* [EXERCISE PROMPT]
The records below are to be transcribed exactly, with the pictures removed.

* [PROVIDED DATA]
-- Opening Marker --

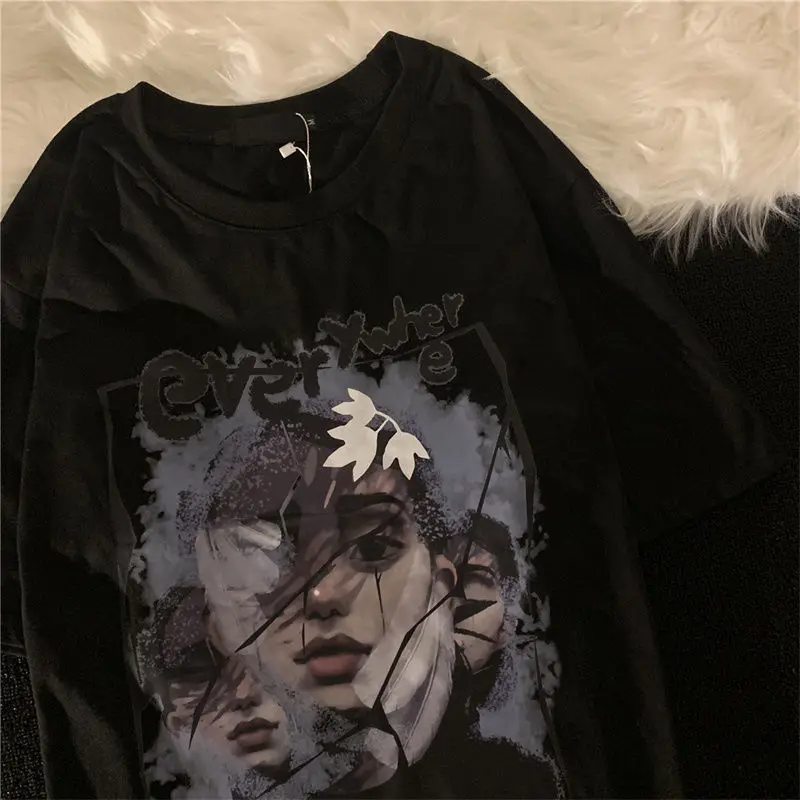 Женская футболка с коротким рукавом и абстрактным принтом, в стиле ретро
Женская футболка с коротким рукавом и абстрактным принтом, в стиле ретро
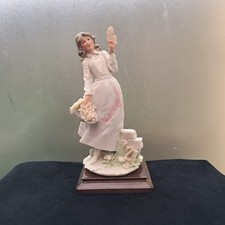 CAPODIMONTE STATUE FIGURINE ELEGANT LADY Belcari 1986.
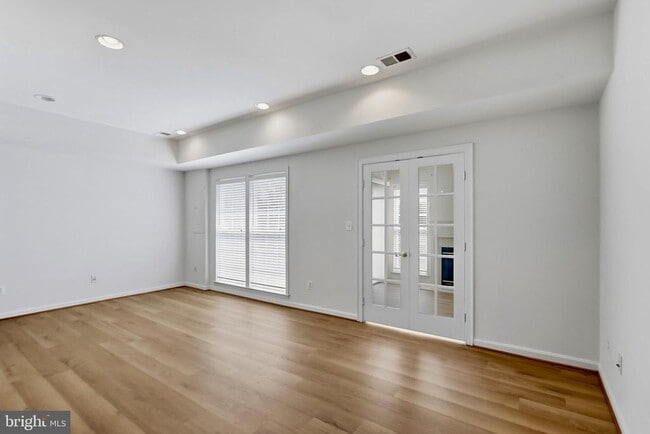Building Photo - 24652 Siltstone Square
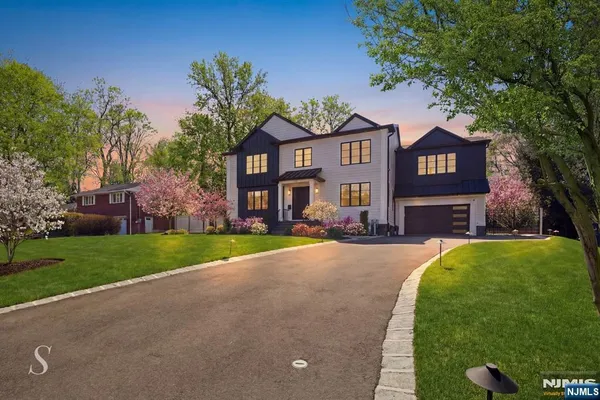 $2,490,000 | 116 Cedar Lane, Closter, NJ 07624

-- Closing Marker --

* [SOLUTION TO THIS PROBLEM]
 Женская футболка с коротким рукавом и абстрактным принтом, в стиле ретро
Женская футболка с коротким рукавом и абстрактным принтом, в стиле ретро
 CAPODIMONTE STATUE FIGURINE ELEGANT LADY Belcari 1986.
Building Photo - 24652 Siltstone Square
 $2,490,000 | 116 Cedar Lane, Closter, NJ 07624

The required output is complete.